Yaiichi, his ex-wife Natsuki, Mike and Kana all visit a hot springs resort together and Yaiichi tells Natsuki about his dream of Kana being a lesbian. Natsuki is delightfully unsympathetic, forcing Yaiichi to see his “concern” for the discomfort it is.
When they come home, while Yaiichi is confronting the “concern” expressed by others, the penny drops that his “concern” and their is the same bias. Mike meets a former classmate of Ryouji’s and learns the justification he uses to stay in the closet. There is a line here that sums it up beautifully; the classmate says he doesn’t want to make any special effort to be out, and Mike thinks, but you’ll make a lot of special efforts to stay hidden. …That’s the glass closet in a nutshell. Instead of letting people in, he uses a complete stranger to dump all his problems on. Mike knows that’s what he was there to do and not surprisingly, he isn’t particularly thrilled.
Yaiichi has to confront the kind of homophobia that takes the form of suffocating “concern” from good people and is able to find a way to thread the needle. As I noted in my review of the Japanese, this scene is a bit of heavy-handed allegory. And then, the story draws to a sweet, emotional ending.
The criticisms I have seen of this volume fascinate me. Queer western readers have objected to it being too preachy and Japanese queer readers have objected to the protagonist being Canadian. Those are of course valid criticisms, but also miss the point they are making.
Since Japan does not have same-sex marriages, it could not have plausibly been a Japanese gay man as a protagonist. Unless you flipped the script and had had Mike die and Ryouji come home, but then, he’d understand that why and how and what of passive homophobia and would not be foreign enough to have no cares about existing outside that. Ryouji might be worried that he’s ruin Yaiichi’s reputation, or Kana would be bullied, where Mike is outside society enough to not think about that.
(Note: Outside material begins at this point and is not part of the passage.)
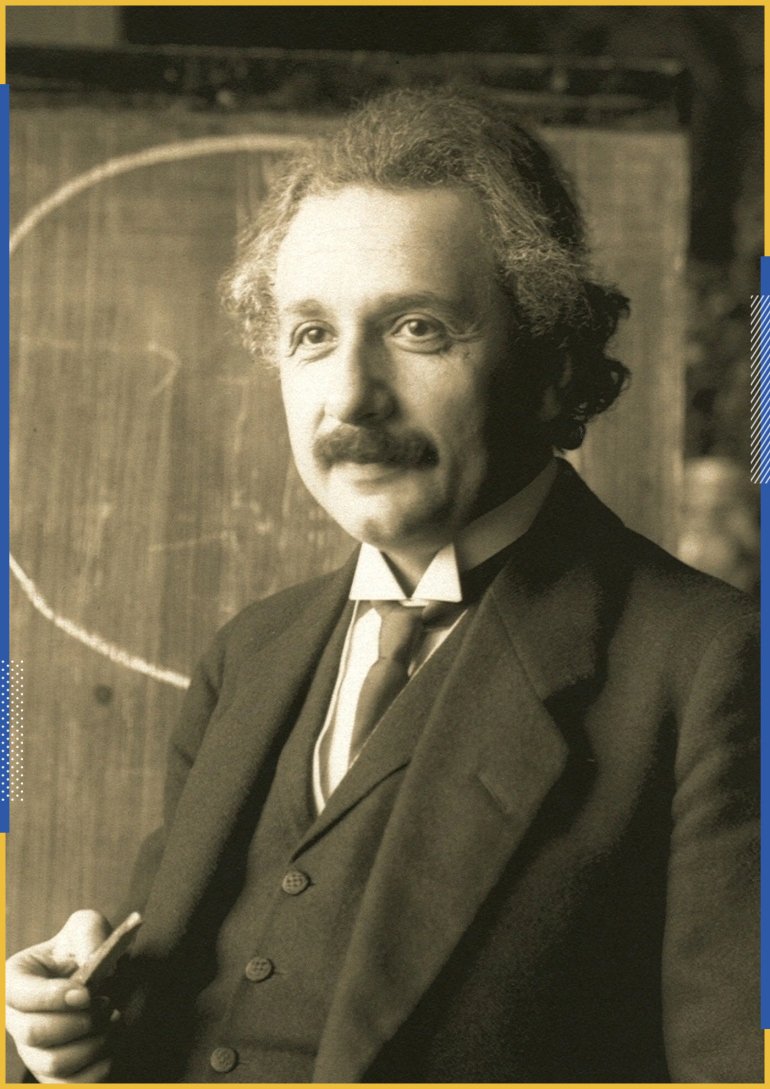 ألبرت أينشتاين عالم ألماني المولد من أبويين يهوديين (مواقع التواصل)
The narrative is a bit heavy-handed because it is openly uncovering things that are never spoken of and forcing a non-unhappy resolution on them.
The intended audience for this book is not LGBTQ folks (although clearly we are going to read it.) It is the straight – mostly clueless about LGBTQ people and issues – Japanese men who read the magazine in which it runs. It needed to be heavy-handed so they got the point, and so they were emotionally rewarded for getting that point. It wasn’t for us – it was about us for someone who, like Yaichi has never once thought about us (or if they had, had done so with passive fear and loathing society bolsters in a million ways.)
So, when someone says “it’s too preachy” I respond, “It’s exactly the right amount of preachiness for the intended audience of adult straight men who would, like Yaiichi, be horrified to the point of shutting down communication, if they learned a relative was gay.
I also found reviews by men amazed at the way the male bodies were drawn to be highly entertaining. ^_^ (“Wow, this guy draws really beefy dudes!” Yes, yes he does. ^_^)
More than anything My Brother’s Husband is the kind of wholesome, family-friendly book you could hand to a relative who just was not getting why their “confusion” or “concern” about your sexual identity was painful to you. So go ahead, get a copy for the grandparents, uncles, aunts or parents…
Ratings:
Art – 9
Story – 9
Characters – 10
LGBTQ – 10
Service – 2
Overall – 10
…while you’re at it, give a copy to the library. There’s kids out therewho will need it.